Learning Christ

As individual followers of Christ, we grow spiritually just as children grow physically, intellectually and emotionally. Little children are on the steepest part of the learning curve but at the same time they are the most limited in terms of participating in their own education. They learn primarily by observation. So also do we learn Christ. When we commit our lives to Him, we begin the life of the new creation. We are like infants toward Him. We learn who He is by spending time with Him and His people—people who display His life. That’s how we get to know His Father, too. As Jesus pointed out to Philip, “Whoever has seen me has seen the Father” (John 14:9).

You might object, saying that we are learning by experience in addition to observation. It seems to me, however, that experience is observation, as we live with the aftermath of a decision. There is a saying among surgeons: “Good judgement comes from experience, and experience comes from bad judgement.” Of course, the sooner the consequence follows on the decision, the easier it is for us to make the connection between the two.

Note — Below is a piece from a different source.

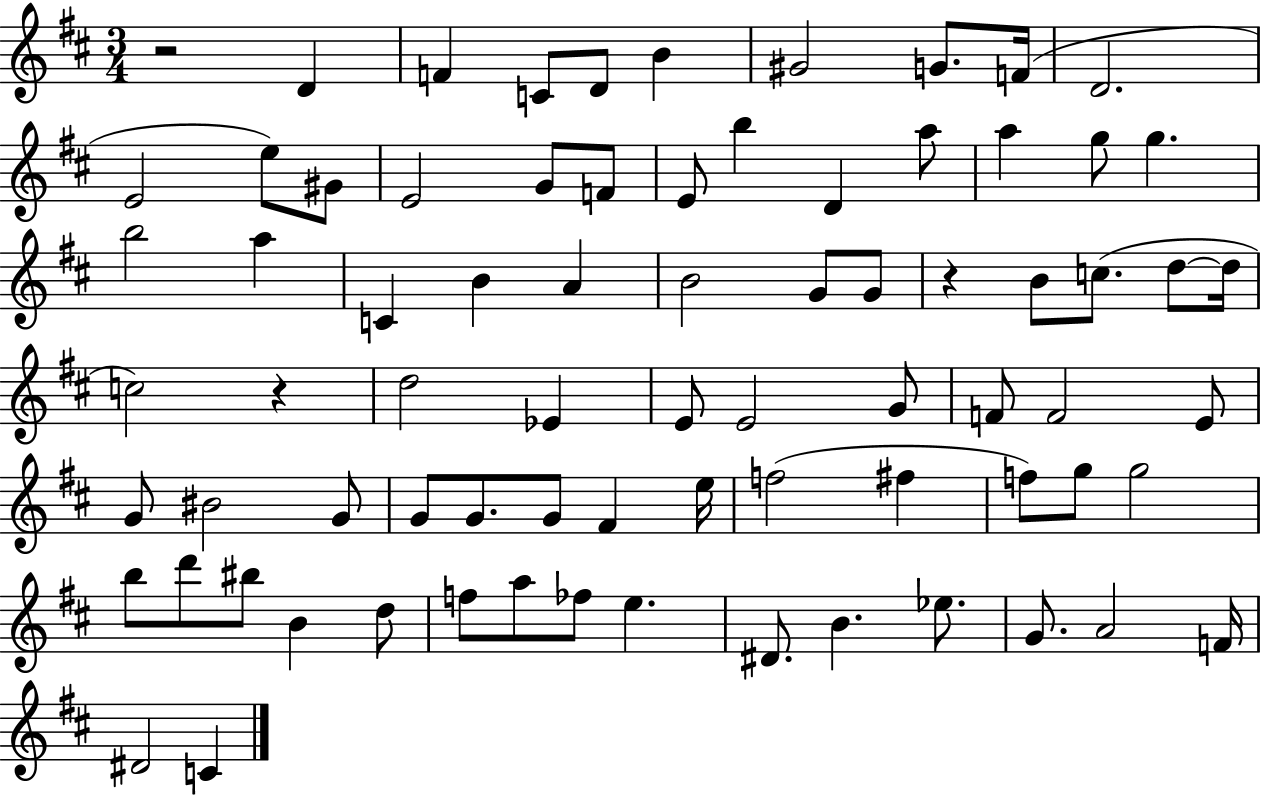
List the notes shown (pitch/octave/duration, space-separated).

R/h D4/q F4/q C4/e D4/e B4/q G#4/h G4/e. F4/s D4/h. E4/h E5/e G#4/e E4/h G4/e F4/e E4/e B5/q D4/q A5/e A5/q G5/e G5/q. B5/h A5/q C4/q B4/q A4/q B4/h G4/e G4/e R/q B4/e C5/e. D5/e D5/s C5/h R/q D5/h Eb4/q E4/e E4/h G4/e F4/e F4/h E4/e G4/e BIS4/h G4/e G4/e G4/e. G4/e F#4/q E5/s F5/h F#5/q F5/e G5/e G5/h B5/e D6/e BIS5/e B4/q D5/e F5/e A5/e FES5/e E5/q. D#4/e. B4/q. Eb5/e. G4/e. A4/h F4/s D#4/h C4/q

For my own part, I am coming to see how little I know Jesus Christ and His ways. I try to walk, only to stumble and fall. I recognize in myself a lack of His characteristics. But I keep getting up and going back to Him. I have decided that I want to know Him, and not merely know about Him. The knowledge that counts is the knowledge that enlarges and solidifies His life in me.

This fragment of a verse from Isaiah 30:15 has been before me: “In returning and rest you shall be saved; in quietness and in trust shall be your strength.” These are the words of the Lord, originally addressed to the people of Israel, but now applicable to us. He asks us to keep turning to Him, to rest in Him, to calmly place our trust in Him—exclusively. These are the conditions under which we learn Christ. Then His life can grow in us in an organic way. Not all at once, but as a process that requires only our continuing consent. 

I am coming to understand that I can’t know Him apart from Him. That is, I can’t know Him apart from spending time in His presence, following Him and paying attention to Him. He alone has the words that give life. The work that He wants to do, in me and in you, is His work and the objective also is His. He is the end of the work of transformation, when His life is fully formed in us.